The Succession Line of Succession, Week 2
Shiv is still in the driver’s seat to take over for Logan but, unsurprisingly, the transition isn’t going to be so easy. “Here’s how I see it,” Logan tells his only daughter. “You come in, six months with Gerri, six months with Carl, Hong Kong for, say, another 12, Berlin or London, management training for six, come back, spend 12 months alongside me, and when you’re ready, I’ll step aside.”
“That’s a lot of months, dad,” Shiv replies. It’s 42, to be exact—or, you know, three and a half years.
Such is the difficulty of wrestling Waystar Royco away from Logan. Despite his stepping down being the most logical move—not only because of his age and deteriorating health, but because naming a successor is literally the only way the company stays in-family as the battle with Sandy and Stewy heats up—there’s little evidence to suggest that Logan will ever cede control. He seems much more likely to delay until the day he dies. That puts Shiv in a vulnerable position: She’s quit her job running Gil Eavis’s campaign and placed all of her eggs into the basket of a stubborn, conniving, self-serving, untrustworthy man. After some bargaining, Logan seems more willing to fast-track Shiv’s appointment. But because the succession plan is still a secret, there’s nothing to stop Logan from changing his mind as he did with Kendall at the beginning of Season 1.

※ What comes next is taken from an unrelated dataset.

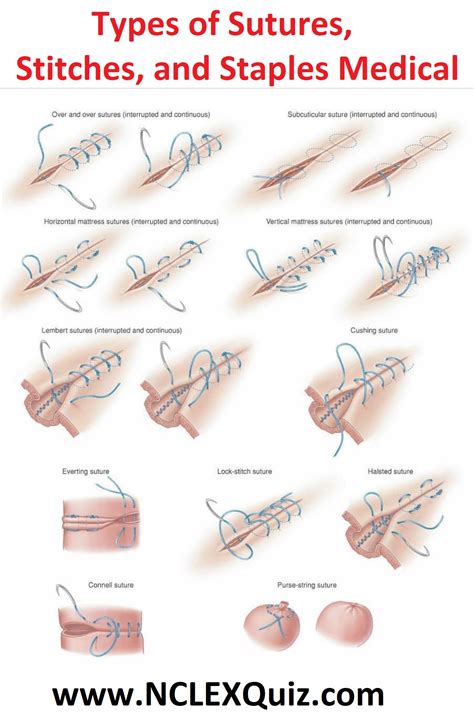 types  sutures stitches  staples medical nclex quiz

Another product of keeping Shiv’s appointment a secret: Kendall and Roman are still vying for the job. “No one sees me coming, but I’m right on the shoulder. If dad announces tomorrow, he announces me. There’s no other option,” Roman tells Shiv, who stares blankly and lets her younger brother dream. The co-COOs’ Sisyphean task this week is to dig into the business of Vaulter—the BuzzFeed-like website Kendall fraughtfully purchased in Season 1—and find out whether it’s worth keeping. Kendall, who has a vested interest in standing behind the “lode star” he bought against basically everyone’s wishes, pitches to keep Vaulter in business, even though he admits himself that it’s disconcertingly difficult to determine the financial viability of the site. Roman, who hates the site’s staff of IPA-drinking “pretend journalists” (who are also on the verge of unionization), suggests gutting the whole thing. Logan, a businessman who loves the sound of downsizing—as all businessmen do, as seen in another scene when Tom nearly climaxes when Greg tells him that they could get rid of “50 skulls”—sides with Roman, but leaves the task to Kendall. “You think you can gut Vaulter for me?” Logan asks his broken son with the highest degree of condescension.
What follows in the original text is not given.